Furthermore, the church as a human institution will hold all sorts of ideas and beliefs which are to our own mind difficult, but to this I would say two things: first of all, I guess all of us look at the church in different ways and see it standing things which go against our conscience. That my church is the only institution of the state to be able to opt out of human rights legislation,  is something I find very difficult, but I live with it because it is not the only thing about the church. Others’ conscience is offended for opposite reasons.

But, secondly, I don’t believe in a pure church, and I say that not to be cynical, in fact just the opposite. Those who wish to go to Rome will find a church just as riven by women priests, homosexuality, and many more issues too that the Church of England has to struggle with. Purity does not exist, the wheat and the tares exist together until the end of the world Jesus told us. So relax, take a chill pill and get on with it, concentrate on the church becoming that Body of Christ which Jesus actually did talk to us about, washing the feet of the poor and living in mutual love, this is how we remain faithful. The search for purity and absolute certainty is a feature of our age and increasingly of religion. I believe it is a false trail. As those who have pursued the religious life throughout the ages will testify, the closer you get to God the more uncertain, the more in the dark you are.
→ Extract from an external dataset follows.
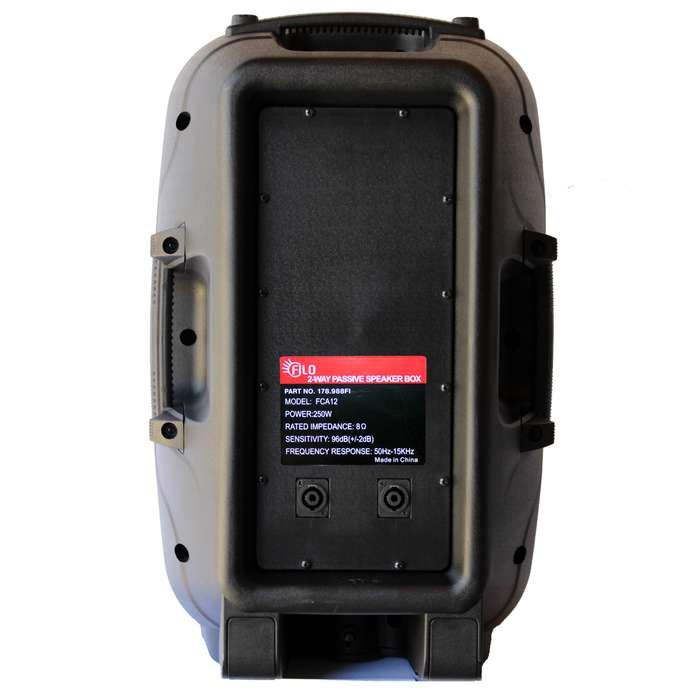 Filo - FCA12 PASSIVE MOULDED SPEAKER 12in 250W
So here is my last suggestion: instead of the church claiming absolute truth and certainty, can it help the world live with uncertainty and anxiety, can it be, to quote Karen Armstrong a midwife of truth not its owner. Can we help society to explore honestly and without pretence or illusion what life is all about, what we can really say about it, can we help people, with humility, to search for the divine in their lives and to follow Jesus of Nazareth, because we believe what he told us is the message of eternal life. What he did not tell us, however, is a matter of interpretation and personal conjecture, perhaps we can learn to distinguish the two and relax about the rest.